Punctuation character notes

Updated 11 February, 2020

This page lists characters in the following Unicode blocks and provides information about them.

This is not authoritative, peer-reviewed information – these are just notes I have gathered and copied from various places.

Find

If you click on any red example text, you will see at the bottom right of the page a list of the characters that make up the example.

Read more about how to use this page.

To find a character by codepoint, type #char0000 at the end of the URL in the address bar, where 0000 is a four-figure, hex codepoint number, all in uppercase. Or type the character or the hex number in the Find control above.

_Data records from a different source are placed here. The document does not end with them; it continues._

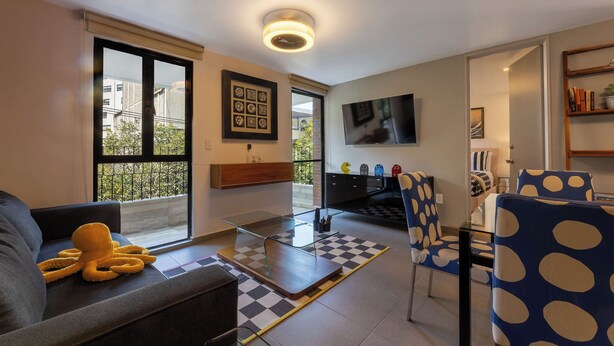 A modern living room with a sofa, a glass coffee table, a checkered rug, and a TV mounted on the wall. - Accommodation in Condesa with a balcony, within walking distance of Roma (Ciudad de México)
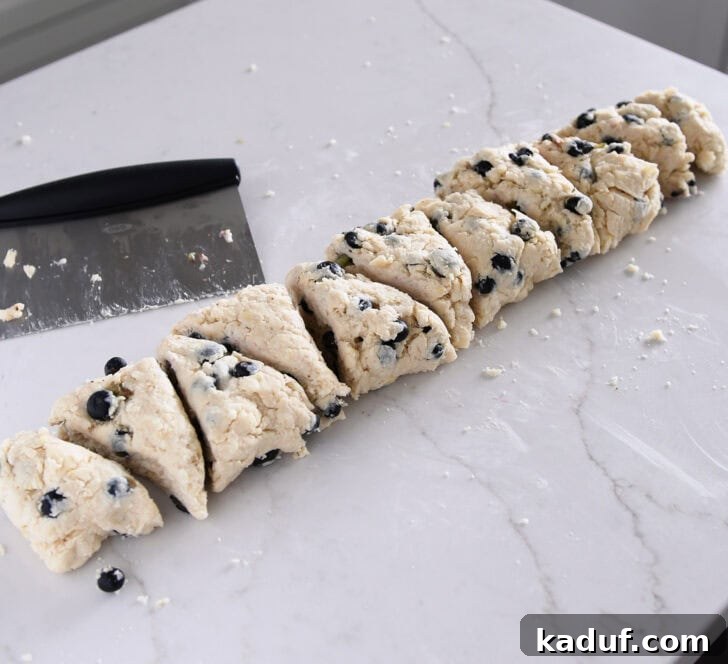 Irresistible Lemon Blueberry Scones 7 Scone dough expertly cut into triangle pieces on a floured surface with a bench scraper.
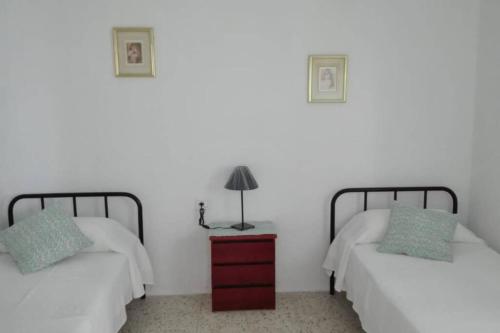 1 dormitorio con 2 camas y una lámpara en un tocador en Casita Abuela Rosa, en Sabinosa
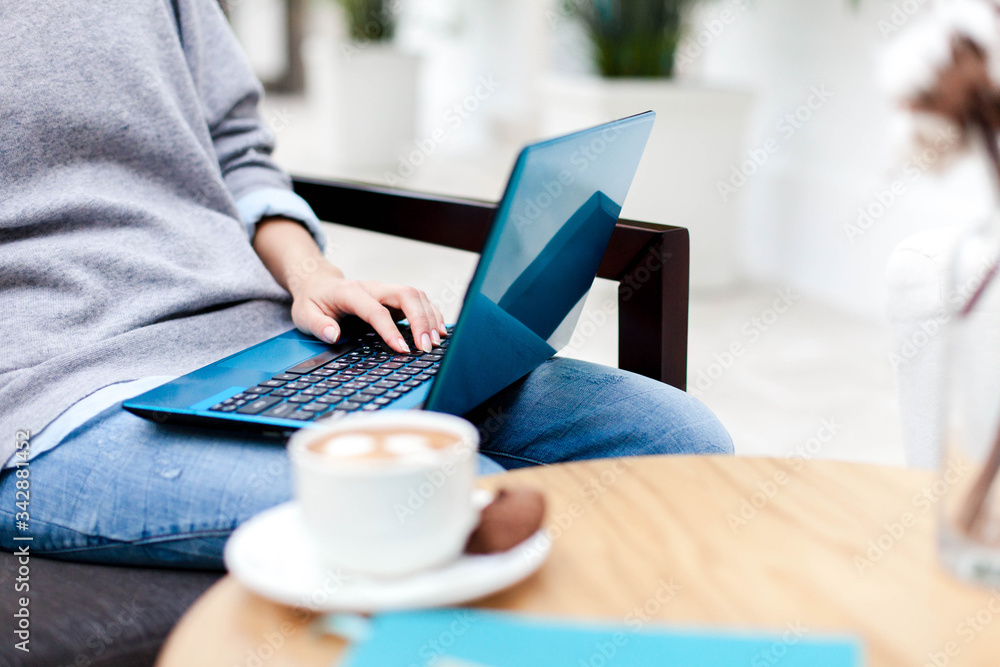 Remote working from home office. Freelancer workplace with laptop, coffee in cafe. Concept of distance learning, teleworking, female business, shopping online. Close up of woman hands. Remote working from home office. Freelancer workplace with laptop, coffee in cafe. Concept of distance learning, teleworking, female business, shopping online. Close up of woman hands.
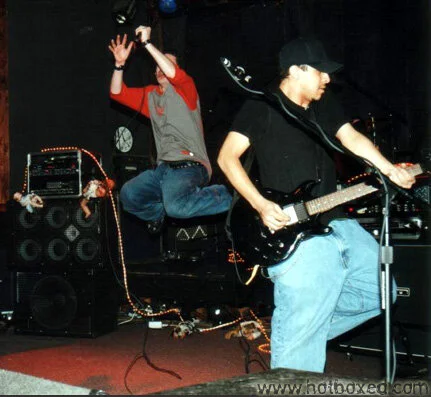 Ryan Mann (airborne) and Joseph Aguirre on guitar.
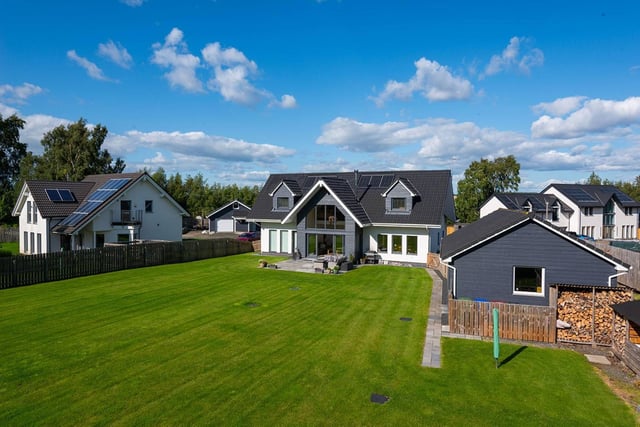 Externally, the property has a large multi-car driveway that leads to a substantial detached garage. Doors from the living area open directly onto a large patio and a substantial rear garden. The garden is enclosed by a timber fence and looks onto woodland at the rear of the property. There is plenty of potential for extensive landscaping.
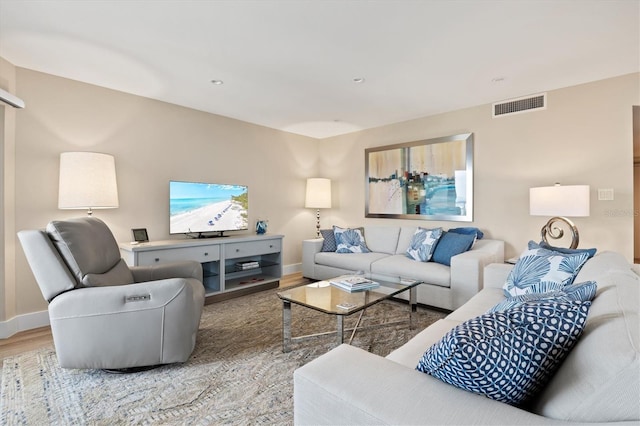 living area with visible vents, baseboards, recessed lighting, and wood finished floors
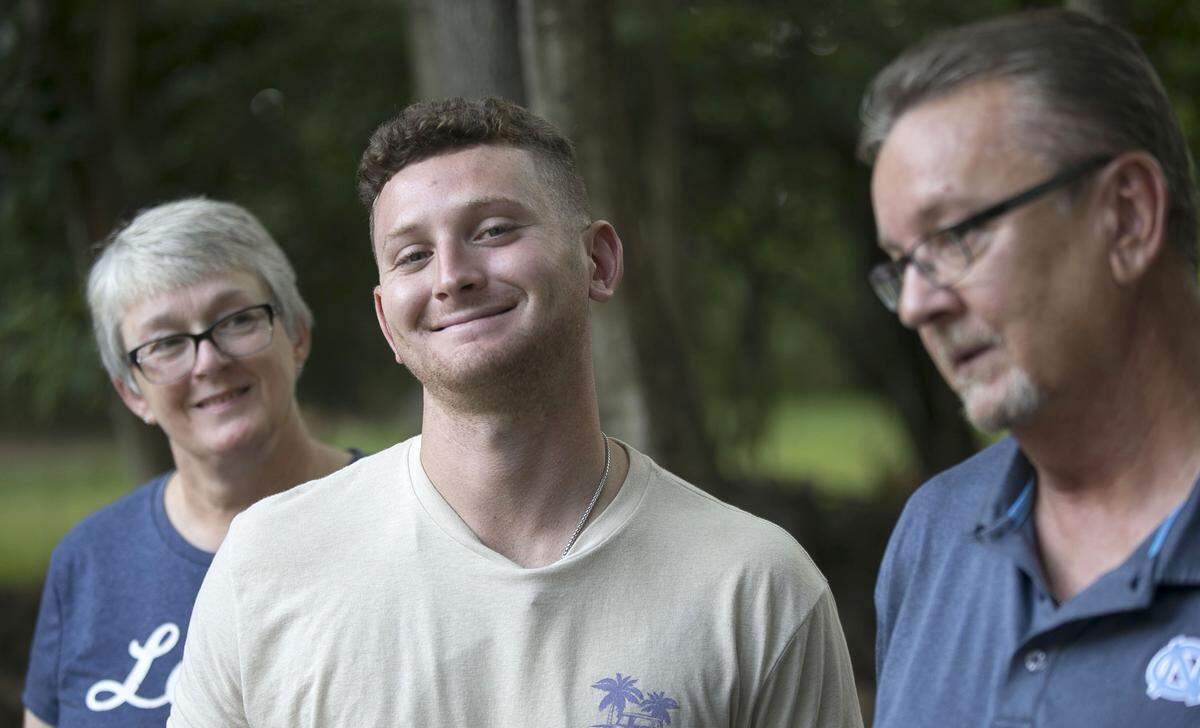 North Carolina pitcher Caden O’Brien with his guardians Carol and Eddie Cruse, photographed on Saturday, August 18, 2018 in Chapel Hill, N.C.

To view this page as intended, you need an appropriate font. Click the blue vertical bar at the bottom right of the page to apply other fonts, if you have them on your system. For transcriptions I recommend the excellent and free Doulos SIL font. The large character in the box will not be rendered unless the webfont downloaded with the page or a system font has a glyph for it. (If there is no glyph and you want to see what it looks like, click on See in UniView.)

Information about languages that use these characters is taken from the list maintained for the Character Use app. The list is not exhaustive.

References are indicated by superscript characters. Wherever possible, those contain direct links to the source material. When such a pointer is alongside an arrow → it means that it's worth following the link for the additional information it provides. Digits refer to the main sources, which are listed at the bottom of a set of notes.

When you are using UniView and you turn on Show notes, UniView will pull in information about characters from this page.

Spaces

U+2000 EN QUAD

U+2001 EM QUAD

U+2002 EN SPACE

U+2003 EM SPACE

U+2004 THREE-PER-EM SPACE

U+2005 FOUR-PER-EM SPACE

U+2006 SIX-PER-EM SPACE

U+2007 FIGURE SPACE

U+2008 PUNCTUATION SPACE

U+2009 THIN SPACE

U+200A HAIR SPACE

U+200B ZERO WIDTH SPACE

An invisible character, used to signal line-break and word-break opportunities. It was originally provided for use with writing systems such as Thai, Myanmar, Khmer, Japanese, etc. that don't use spaces between words.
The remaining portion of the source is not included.